Sherman created a crisis over the issue when he wrote a ruling in April 2008 invalidating thousands of conversions approved by the state's special conversion courts.
Sherman's opinions were the dominant subject at the Eternal Jewish Family International conference that ended Wednesday in Jerusalem. It was the EJF's second Jerusalem Conference on Universal Conversion Standards in Intermarriage. Most of the participants were ultra-Orthodox communal rabbis from around the world, many of whom work in outreach programs.
For three days the state's conversion programs were attacked by rabbis, including civil servants here - religious court judges (dayanim) and chief municipal rabbis - and by the visiting participants.

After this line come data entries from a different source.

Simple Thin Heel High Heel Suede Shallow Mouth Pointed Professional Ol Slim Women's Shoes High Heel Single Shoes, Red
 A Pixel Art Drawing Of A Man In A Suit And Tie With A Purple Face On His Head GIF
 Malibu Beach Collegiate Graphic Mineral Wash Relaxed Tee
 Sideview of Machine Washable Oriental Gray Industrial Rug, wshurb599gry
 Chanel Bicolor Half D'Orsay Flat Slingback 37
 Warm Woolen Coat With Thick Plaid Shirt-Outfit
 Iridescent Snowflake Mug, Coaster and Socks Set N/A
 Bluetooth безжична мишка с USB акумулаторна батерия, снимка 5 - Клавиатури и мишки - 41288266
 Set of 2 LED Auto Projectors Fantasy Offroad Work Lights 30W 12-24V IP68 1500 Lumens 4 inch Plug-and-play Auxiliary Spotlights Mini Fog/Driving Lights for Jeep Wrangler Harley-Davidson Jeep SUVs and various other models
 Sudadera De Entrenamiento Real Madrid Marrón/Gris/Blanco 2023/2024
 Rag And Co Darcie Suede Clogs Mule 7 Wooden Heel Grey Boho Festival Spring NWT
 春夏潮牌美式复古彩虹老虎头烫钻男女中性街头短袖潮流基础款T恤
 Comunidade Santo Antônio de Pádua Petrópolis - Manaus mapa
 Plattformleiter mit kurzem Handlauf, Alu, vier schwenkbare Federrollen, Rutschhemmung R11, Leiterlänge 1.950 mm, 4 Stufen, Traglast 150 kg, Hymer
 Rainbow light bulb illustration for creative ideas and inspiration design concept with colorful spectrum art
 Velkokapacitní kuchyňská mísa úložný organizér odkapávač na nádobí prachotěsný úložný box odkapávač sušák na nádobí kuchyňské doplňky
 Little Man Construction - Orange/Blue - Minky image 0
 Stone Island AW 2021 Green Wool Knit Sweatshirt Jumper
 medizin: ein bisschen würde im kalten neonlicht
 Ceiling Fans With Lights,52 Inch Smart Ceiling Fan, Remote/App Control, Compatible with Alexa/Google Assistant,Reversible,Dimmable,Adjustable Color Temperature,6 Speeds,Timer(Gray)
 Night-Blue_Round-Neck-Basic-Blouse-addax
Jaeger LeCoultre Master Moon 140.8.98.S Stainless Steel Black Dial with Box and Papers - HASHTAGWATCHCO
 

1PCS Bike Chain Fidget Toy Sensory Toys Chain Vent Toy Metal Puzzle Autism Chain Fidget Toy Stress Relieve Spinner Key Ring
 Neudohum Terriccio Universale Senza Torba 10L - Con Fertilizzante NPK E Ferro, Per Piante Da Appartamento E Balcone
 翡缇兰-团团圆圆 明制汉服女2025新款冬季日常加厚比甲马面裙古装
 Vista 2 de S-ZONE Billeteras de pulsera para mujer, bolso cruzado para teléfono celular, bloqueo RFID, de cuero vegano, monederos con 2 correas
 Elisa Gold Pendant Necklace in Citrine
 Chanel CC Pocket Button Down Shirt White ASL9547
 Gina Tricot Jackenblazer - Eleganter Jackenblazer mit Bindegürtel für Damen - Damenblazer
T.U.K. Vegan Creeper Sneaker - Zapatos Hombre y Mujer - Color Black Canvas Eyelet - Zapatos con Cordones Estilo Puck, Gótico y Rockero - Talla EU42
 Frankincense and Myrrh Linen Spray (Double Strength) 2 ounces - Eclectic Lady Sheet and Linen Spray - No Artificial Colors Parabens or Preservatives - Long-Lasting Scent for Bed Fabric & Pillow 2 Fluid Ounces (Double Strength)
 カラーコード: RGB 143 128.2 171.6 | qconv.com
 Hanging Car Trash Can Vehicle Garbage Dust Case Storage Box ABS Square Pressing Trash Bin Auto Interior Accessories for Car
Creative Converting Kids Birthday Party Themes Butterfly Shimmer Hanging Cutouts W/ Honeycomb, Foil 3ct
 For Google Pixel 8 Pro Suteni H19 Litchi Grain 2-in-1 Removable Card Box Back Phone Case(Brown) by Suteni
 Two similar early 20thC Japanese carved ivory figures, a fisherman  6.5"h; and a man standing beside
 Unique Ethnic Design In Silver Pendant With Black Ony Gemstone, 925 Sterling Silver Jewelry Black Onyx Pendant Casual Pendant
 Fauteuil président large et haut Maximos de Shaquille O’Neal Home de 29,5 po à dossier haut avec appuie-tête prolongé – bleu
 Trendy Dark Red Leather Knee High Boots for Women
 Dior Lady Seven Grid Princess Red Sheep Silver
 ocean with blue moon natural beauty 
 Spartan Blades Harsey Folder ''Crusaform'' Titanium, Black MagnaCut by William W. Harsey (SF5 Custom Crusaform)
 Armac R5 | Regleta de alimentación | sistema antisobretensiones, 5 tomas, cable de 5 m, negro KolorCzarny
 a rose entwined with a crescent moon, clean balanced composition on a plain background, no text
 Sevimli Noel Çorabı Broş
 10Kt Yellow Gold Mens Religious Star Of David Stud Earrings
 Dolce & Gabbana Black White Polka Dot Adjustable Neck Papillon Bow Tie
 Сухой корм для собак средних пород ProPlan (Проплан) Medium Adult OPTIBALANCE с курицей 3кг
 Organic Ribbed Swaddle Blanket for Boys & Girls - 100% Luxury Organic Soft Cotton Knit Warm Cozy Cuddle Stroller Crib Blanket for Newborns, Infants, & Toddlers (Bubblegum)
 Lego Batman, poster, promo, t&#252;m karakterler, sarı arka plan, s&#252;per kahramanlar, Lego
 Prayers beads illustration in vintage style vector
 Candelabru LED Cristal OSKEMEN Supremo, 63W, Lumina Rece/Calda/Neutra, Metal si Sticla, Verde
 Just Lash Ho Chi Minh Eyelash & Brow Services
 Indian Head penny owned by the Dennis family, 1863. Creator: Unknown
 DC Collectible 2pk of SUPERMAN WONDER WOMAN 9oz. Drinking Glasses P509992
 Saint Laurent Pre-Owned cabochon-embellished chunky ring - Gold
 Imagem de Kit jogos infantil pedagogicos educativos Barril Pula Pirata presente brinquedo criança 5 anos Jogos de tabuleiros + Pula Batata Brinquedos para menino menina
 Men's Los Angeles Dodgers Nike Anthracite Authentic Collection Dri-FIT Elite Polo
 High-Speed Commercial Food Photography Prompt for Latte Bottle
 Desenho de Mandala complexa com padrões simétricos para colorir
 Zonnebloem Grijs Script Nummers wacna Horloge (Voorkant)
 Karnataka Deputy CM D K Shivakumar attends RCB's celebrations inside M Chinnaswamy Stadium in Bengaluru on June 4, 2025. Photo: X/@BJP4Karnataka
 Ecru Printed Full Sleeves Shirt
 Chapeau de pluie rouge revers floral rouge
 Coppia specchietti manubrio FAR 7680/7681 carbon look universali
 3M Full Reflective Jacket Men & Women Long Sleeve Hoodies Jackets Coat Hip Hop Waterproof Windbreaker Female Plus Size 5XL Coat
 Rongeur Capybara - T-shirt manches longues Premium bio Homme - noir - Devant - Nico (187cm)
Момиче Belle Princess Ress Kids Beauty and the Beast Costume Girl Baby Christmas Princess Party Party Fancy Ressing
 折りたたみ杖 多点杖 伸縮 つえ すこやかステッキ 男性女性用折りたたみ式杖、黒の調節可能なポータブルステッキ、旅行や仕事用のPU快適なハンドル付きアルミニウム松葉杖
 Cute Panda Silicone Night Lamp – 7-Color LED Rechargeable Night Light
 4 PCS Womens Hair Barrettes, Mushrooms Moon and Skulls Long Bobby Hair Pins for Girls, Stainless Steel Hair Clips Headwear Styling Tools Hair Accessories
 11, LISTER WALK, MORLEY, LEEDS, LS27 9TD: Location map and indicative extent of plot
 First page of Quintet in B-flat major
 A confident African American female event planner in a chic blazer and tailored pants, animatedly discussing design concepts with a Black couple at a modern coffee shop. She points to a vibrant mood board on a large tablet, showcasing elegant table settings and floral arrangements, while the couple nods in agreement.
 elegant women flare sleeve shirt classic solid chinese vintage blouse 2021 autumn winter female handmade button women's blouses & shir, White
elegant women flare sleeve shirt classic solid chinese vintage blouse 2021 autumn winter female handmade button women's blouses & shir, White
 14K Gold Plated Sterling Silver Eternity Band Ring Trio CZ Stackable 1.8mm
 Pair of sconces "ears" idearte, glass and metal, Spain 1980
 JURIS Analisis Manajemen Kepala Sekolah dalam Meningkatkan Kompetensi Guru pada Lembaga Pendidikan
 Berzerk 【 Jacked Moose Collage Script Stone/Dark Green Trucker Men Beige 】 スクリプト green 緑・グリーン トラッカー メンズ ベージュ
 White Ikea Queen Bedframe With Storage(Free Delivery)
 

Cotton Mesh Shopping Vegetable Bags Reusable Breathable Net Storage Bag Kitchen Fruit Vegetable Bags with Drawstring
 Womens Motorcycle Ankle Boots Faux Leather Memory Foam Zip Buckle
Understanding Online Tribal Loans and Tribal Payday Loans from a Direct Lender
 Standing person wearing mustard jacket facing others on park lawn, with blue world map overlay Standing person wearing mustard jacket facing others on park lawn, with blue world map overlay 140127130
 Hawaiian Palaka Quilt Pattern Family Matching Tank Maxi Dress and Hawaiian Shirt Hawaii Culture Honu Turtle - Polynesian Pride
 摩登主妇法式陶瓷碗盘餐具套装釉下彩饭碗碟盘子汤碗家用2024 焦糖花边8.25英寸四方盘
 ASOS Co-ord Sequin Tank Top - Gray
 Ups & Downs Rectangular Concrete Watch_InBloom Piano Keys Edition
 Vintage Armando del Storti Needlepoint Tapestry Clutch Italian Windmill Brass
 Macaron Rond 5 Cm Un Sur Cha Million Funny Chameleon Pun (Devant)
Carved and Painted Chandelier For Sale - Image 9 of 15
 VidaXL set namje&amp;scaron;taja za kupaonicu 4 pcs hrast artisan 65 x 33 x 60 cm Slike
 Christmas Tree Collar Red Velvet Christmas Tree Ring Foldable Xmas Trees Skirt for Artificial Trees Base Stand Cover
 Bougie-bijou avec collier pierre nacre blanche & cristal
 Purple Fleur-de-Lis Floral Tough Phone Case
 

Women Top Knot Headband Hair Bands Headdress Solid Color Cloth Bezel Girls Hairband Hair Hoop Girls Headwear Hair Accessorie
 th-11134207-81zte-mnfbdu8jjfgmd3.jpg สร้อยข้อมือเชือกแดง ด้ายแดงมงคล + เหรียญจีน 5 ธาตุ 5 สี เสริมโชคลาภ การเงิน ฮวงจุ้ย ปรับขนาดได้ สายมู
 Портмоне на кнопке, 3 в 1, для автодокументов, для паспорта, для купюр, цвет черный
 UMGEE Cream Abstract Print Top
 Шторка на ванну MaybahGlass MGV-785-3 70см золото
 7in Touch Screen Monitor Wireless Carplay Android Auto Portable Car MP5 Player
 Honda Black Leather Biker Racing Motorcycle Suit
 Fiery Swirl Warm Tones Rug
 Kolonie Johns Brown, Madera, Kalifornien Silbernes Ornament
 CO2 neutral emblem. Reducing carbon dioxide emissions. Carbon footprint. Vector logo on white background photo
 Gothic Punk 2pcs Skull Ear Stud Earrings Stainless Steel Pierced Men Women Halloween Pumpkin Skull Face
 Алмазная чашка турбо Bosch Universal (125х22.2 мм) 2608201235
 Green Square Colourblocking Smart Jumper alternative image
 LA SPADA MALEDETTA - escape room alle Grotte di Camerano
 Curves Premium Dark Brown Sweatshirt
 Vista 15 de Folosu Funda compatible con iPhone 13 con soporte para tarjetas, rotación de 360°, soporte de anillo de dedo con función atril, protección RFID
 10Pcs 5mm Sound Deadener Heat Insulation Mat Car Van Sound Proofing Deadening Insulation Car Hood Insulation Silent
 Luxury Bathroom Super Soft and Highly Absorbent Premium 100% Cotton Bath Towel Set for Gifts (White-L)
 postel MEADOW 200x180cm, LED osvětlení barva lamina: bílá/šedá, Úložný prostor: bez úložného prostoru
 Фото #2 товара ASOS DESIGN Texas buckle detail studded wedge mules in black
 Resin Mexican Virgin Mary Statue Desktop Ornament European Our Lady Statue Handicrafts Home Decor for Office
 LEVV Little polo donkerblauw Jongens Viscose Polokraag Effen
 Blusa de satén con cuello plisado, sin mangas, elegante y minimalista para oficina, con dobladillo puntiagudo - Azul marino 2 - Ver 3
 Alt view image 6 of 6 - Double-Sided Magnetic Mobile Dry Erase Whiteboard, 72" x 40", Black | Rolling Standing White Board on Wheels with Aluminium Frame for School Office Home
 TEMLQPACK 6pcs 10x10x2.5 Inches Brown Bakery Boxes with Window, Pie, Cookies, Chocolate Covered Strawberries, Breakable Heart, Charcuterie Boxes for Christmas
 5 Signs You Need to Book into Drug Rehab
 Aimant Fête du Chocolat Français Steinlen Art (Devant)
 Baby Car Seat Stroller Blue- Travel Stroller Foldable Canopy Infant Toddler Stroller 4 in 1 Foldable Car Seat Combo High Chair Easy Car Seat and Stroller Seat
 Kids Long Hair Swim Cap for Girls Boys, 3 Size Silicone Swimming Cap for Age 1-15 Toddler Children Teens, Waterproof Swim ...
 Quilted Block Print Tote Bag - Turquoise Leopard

Sherman spoke at the conference at length on the ultra-Orthodox view on hundreds of thousands of Israelis who are not considered Jewish according to halakha. He believes they should not be converted, and certainly not in the special conversion courts set up under the auspices of the Prime Minister's Office, headed by Rabbi Haim Druckman.
"There is no logic to telling tens of thousands of goyim [non-Jews] who grew up on heresy, hate of religion, liberalism, communism, socialism, that suddenly they can undergo a revolution deep in their souls. There is no such reality," said Sherman. His ruling, he said, was based on the writings of the greatest of ultra-Orthodox rabbis, Rabbi Yosef Shalom Elyashiv. "A large percentage [of the converts] did not intend on accepting the mitzvot when they accepted conversion," he said in his address to the conference.
Rabbi Yosef Sheinin, the chief rabbi of Ashdod, told the conference on Tuesday about immigrants from the former Soviet Union: "When they want to marry, they will do everything possibly to deceive. They are to be assumed to be cheaters."
The conference also dealt with fighting Jewish assimilation, but the crisis sparked by Sherman's annulling the conversions of Rabbi Druckman's conversion courts took a central role. Druckman is a leading religious-Zionist rabbi.
The High Court of Justice recently ordered the High Rabbinical Court to justify its decision on the conversions. In another decision last month, the High Court also ordered the state to pay for Reform and Conservative conversion programs, which infuriated the ultra-Orthodox. As a result, the ultra-Orthodox factions in the Knesset said they would take action to transfer the conversion programs from the Prime Minister's Office to the Chief Rabbinate.
One of the most important participants was one who did not show up: Sephardi Chief Rabbi Shlomo Amar received an invitation to attend the conference, but it was clear to the organizers he would boycott the event this time, as he would be the target, whether implied or out in the open, of much criticism. All the main speakers came out strongly against the official government stance on conversions, and a few even personally attacked the most respected halakhic authority supporting the conversion programs, Rabbi Amar.
Who did appear was Ashkenazi Chief Rabbi Yona Metzger, who showered compliments on his hosts in general and on Rabbi Sherman in particular. He called Sherman a "man of truth, God-fearing," and expressed his support for Sherman and his views. However, Metzger's office denied yesterday that his praise related to the ruling invalidating the conversions by Rabbi Druckman's courts.
Religious-Zionist circles demanded Metzger's resignation yesterday in response to his statements, including MK Uri Orbach (Habayit Hayehudi).
Later, Sherman gave a session in which he openly spoke of a situation many Israelis suffer when they come to register a marriage or divorce with the rabbinate or religious courts: Those institutions do not recognize their conversion certificates, and they are required to provide proof they are Jewish. Sherman ordered registrars in the religious councils to investigate the background of converts before registering their marriages - and not to accept conversions automatically. "Every convert needs to be examined," Sherman said.